*Exercise instructions*: List the lines of this listing that hold the word "with".

*Recorded information*:
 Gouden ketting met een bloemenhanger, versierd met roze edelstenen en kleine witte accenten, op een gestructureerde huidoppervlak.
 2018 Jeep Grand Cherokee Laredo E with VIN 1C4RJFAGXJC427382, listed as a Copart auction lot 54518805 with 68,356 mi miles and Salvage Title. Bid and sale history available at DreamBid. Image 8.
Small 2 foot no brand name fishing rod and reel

==

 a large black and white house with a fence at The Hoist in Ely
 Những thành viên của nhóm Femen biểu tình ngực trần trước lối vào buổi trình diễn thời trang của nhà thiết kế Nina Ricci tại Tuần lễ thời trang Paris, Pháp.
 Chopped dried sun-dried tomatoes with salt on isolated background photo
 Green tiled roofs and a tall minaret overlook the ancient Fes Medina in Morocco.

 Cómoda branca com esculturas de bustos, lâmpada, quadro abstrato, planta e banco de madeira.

*Completed exercise*:
 2018 Jeep Grand Cherokee Laredo E with VIN 1C4RJFAGXJC427382, listed as a Copart auction lot 54518805 with 68,356 mi miles and Salvage Title. Bid and sale history available at DreamBid. Image 8.
 a large black and white house with a fence at The Hoist in Ely
 Chopped dried sun-dried tomatoes with salt on isolated background photo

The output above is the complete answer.